Shraddha’s “Madras to Chennai” by Bombay Chanakya
In Shraddha’s offering, the focus was on a family rather than on the city.
Shraddha’s latest offering was a play that by its title denoted the changing countenance and form of a city we live in. ‘ Madras to Chennai,’ written and directed by ‘Bombay’ Chanakya, was presented at the Narada Gana Sabha auditorium, Chennai, for four days from May 27.
In this production, the sets, costume and music stood out and the technical aspects were very good too. The play sought to weave the fortunes and predicaments of four generations of a family with the changing contours – cultural, economic and political – of a metropolis. ‘Madras to Chennai,’ which was dedicated to veteran director K. Balachander, began promisingly.
One by one the members of a family enter the frame for a group photograph and the viewers get an introduction to each one of them beginning from the matriarch Kalyani (Shylaja Chetlur). Her husband Srinivasan ( Kathadi Ramamurthy) and their two grown up sons Padmanabhan (SBI Murali) and Mohan Ram (Dhanush), wife Sindhu and children and daughter Neeraja (Kalyani Natarajan), along with Srinivasan’s wheelchair bound brother Raghuraman (Gireesh) complete the family snapshot.
The scenes that make up the album of their lives follow, sometimes interestingly, at other times mundanely and yet others quite tiresomely. The 60th anniversary of their home brings the entire family together but tragedy strikes as Kalyani passes away suddenly. Her husband then recounts the turning points of their life to his grandchildren.
Despite Shraddha’s avowed aim to lure youngsters to watch mainstream theatre, the play seemed to be aimed at the above fifties with its heavy doses of nostalgia and pride, not so much about a city but a particular community.
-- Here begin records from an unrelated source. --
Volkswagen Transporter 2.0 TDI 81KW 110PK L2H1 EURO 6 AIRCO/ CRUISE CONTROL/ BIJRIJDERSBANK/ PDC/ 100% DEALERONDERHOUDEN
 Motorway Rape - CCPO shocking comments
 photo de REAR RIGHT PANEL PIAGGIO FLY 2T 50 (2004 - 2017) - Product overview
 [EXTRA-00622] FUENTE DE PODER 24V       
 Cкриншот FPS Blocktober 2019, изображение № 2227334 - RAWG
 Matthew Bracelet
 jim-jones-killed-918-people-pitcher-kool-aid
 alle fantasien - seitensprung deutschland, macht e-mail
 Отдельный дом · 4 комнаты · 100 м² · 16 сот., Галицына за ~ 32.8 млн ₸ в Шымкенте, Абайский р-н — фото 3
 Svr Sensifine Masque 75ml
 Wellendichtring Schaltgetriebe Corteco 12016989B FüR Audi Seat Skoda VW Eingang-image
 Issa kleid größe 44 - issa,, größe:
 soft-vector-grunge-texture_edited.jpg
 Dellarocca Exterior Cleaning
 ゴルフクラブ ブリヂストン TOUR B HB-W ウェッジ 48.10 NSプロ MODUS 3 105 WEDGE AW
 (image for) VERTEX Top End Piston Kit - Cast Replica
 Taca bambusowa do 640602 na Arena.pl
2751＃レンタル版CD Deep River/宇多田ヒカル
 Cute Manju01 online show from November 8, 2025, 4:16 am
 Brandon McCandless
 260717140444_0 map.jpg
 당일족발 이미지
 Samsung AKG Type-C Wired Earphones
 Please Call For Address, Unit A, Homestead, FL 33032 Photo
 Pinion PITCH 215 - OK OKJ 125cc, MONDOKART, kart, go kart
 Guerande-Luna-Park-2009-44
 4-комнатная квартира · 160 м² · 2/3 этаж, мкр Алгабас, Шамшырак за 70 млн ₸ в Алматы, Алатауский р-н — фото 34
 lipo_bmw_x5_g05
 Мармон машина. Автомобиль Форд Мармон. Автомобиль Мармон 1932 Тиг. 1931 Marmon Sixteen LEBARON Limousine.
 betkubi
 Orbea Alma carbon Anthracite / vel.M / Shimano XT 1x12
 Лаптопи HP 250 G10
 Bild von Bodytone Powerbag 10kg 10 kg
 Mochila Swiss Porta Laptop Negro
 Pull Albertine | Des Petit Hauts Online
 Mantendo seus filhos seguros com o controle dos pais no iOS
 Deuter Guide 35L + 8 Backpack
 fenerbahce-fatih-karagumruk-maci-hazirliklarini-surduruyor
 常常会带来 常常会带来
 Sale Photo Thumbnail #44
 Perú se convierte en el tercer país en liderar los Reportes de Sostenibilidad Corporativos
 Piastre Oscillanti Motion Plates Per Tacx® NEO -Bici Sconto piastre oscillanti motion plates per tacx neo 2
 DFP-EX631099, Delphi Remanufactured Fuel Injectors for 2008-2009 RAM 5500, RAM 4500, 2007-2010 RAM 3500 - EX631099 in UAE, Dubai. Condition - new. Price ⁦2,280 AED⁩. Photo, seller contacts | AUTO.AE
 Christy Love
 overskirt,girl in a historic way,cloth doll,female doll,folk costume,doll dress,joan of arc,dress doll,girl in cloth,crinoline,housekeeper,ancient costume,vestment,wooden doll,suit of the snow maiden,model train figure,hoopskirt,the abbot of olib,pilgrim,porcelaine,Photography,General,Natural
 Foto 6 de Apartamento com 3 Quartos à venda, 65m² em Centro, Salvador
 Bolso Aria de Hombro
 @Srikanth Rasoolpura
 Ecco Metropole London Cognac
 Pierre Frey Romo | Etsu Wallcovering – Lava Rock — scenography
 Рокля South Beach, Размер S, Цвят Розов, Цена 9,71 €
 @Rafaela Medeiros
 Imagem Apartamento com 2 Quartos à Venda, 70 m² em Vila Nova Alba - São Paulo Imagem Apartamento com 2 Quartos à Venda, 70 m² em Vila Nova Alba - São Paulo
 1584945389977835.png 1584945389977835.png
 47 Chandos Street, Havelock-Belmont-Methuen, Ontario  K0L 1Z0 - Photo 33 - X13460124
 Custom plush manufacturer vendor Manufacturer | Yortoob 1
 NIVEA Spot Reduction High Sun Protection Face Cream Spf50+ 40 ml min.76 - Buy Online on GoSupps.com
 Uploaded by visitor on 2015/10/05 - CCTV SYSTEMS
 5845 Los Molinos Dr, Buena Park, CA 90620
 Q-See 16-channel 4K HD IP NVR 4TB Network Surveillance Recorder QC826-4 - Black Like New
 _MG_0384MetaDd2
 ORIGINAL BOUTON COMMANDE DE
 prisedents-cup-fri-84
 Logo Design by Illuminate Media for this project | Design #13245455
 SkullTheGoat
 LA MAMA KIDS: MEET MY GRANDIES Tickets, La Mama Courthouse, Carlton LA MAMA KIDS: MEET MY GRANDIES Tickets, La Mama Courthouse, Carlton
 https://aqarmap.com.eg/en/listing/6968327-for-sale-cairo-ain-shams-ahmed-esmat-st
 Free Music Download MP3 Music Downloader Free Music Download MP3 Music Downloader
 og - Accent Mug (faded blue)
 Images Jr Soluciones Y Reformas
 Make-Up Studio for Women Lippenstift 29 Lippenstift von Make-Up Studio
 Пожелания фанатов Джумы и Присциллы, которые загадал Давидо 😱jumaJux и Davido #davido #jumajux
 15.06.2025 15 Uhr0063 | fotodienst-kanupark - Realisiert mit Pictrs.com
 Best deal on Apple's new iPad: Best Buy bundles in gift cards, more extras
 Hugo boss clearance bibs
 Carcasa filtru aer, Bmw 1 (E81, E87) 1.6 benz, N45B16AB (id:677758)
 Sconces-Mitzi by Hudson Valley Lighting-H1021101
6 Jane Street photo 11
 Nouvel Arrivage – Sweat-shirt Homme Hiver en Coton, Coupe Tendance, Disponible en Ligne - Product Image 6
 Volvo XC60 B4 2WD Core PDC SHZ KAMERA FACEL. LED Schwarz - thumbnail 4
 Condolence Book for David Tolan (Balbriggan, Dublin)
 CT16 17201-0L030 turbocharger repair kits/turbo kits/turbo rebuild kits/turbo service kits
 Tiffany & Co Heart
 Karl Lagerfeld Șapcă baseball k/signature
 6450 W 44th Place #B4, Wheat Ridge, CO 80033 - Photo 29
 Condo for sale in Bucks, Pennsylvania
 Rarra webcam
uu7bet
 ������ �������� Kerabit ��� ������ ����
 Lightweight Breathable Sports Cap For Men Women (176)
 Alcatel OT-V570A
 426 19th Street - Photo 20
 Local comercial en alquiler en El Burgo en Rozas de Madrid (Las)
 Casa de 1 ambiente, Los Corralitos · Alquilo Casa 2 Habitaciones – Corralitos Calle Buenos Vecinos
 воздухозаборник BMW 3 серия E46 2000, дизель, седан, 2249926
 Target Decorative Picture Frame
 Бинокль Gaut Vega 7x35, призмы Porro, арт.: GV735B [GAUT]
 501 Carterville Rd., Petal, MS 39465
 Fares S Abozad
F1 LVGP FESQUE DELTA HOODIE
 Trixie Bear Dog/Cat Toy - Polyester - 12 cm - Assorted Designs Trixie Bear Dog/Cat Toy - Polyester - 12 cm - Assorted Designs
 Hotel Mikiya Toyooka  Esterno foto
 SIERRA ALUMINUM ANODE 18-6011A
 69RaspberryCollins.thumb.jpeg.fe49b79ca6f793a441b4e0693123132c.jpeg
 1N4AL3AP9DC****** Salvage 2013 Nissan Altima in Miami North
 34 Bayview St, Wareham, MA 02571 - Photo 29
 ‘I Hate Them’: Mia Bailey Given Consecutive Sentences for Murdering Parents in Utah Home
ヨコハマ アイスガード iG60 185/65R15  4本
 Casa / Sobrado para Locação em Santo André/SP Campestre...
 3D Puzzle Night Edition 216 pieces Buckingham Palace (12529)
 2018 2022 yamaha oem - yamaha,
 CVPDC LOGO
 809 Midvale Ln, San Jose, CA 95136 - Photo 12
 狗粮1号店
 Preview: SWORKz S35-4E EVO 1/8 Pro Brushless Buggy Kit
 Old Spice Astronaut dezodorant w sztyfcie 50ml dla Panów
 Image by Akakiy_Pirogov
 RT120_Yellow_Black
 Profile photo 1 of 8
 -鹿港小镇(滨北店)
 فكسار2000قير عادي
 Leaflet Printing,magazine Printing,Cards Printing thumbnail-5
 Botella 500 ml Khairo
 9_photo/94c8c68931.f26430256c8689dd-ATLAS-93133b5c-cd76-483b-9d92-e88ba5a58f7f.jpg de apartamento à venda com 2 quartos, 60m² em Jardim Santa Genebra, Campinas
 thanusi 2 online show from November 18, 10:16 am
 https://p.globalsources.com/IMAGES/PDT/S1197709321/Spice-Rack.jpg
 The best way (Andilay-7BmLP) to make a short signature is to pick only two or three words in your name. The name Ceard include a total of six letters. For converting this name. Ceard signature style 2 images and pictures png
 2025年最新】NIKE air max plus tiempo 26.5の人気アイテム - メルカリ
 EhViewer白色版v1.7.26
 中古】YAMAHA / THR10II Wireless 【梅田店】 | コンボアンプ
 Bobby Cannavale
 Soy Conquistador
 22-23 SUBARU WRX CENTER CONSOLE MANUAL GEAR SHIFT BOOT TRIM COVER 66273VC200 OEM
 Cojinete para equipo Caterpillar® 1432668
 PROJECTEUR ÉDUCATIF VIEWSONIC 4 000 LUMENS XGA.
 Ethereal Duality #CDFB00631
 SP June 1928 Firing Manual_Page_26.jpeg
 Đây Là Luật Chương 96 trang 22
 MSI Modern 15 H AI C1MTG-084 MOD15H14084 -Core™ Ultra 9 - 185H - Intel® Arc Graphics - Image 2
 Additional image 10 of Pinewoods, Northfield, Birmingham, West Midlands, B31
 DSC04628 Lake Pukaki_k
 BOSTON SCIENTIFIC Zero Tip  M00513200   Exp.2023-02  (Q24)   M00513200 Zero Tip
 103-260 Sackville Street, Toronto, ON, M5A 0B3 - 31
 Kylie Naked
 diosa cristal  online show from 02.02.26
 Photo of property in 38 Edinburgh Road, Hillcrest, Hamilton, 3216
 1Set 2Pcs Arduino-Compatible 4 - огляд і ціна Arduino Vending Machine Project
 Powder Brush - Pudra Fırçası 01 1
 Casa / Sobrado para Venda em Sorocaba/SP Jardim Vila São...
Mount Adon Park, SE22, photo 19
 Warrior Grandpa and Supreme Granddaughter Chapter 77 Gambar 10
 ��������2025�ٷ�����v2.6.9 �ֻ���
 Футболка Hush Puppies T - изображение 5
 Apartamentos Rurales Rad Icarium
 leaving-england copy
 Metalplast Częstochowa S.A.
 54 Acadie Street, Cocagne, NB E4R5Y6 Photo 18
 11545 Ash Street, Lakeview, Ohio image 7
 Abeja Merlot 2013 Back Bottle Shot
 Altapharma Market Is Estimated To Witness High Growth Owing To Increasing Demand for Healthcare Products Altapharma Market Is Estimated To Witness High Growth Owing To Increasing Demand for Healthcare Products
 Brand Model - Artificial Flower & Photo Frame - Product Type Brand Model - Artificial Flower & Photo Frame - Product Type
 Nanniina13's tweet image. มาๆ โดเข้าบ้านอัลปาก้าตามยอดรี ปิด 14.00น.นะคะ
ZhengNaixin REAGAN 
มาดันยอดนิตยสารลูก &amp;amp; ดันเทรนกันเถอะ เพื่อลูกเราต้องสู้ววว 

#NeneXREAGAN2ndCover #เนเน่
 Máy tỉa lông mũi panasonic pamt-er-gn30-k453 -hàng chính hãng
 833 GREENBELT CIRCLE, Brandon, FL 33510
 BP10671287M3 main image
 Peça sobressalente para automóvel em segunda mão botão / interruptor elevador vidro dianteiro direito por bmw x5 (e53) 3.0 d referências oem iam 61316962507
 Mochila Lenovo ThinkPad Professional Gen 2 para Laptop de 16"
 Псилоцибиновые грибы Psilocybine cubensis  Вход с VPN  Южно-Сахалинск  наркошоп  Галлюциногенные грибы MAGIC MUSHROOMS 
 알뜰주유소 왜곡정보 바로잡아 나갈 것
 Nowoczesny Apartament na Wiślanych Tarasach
The synchronised scene of a twin marriage seemed explicitly introduced to reinforce the feeling of belonging, and fondness for wedding rituals, which is part of the Indian psyche. And not because the plot specifically or even remotely needed this embellishing.
The title appeared to be a peg to hang the usual family drama so beloved of mainstream playwrights, with references now and then to the political scene and a few other changes in the city. These were comments made by the actors or read out from newspapers and were not deeply integrated into the body of the work or the lives of the protagonists.
The photographer Raghuraman, who becomes a vegetable owing to violence during the anti-Hindi agitation, was an exception.
One saw much of the changing face of a family but it was nothing extraordinary. The positive stroke here was the woman coming into her own. She was depicted as heading the household with grace taking intelligent decisions and being given her due by her liberated husband.
About the cast
While Kathadi Ramamurthy did a good job as the husband, Shylaja was brilliant in the role of the wise wife, sister-in-law and mother. The scene where she is felled suddenly was very well executed, the gestures, words and the fall excellently replicated in the replay at the end. She literally lit up the stage with her presence and delivered the lines with perfect intonation.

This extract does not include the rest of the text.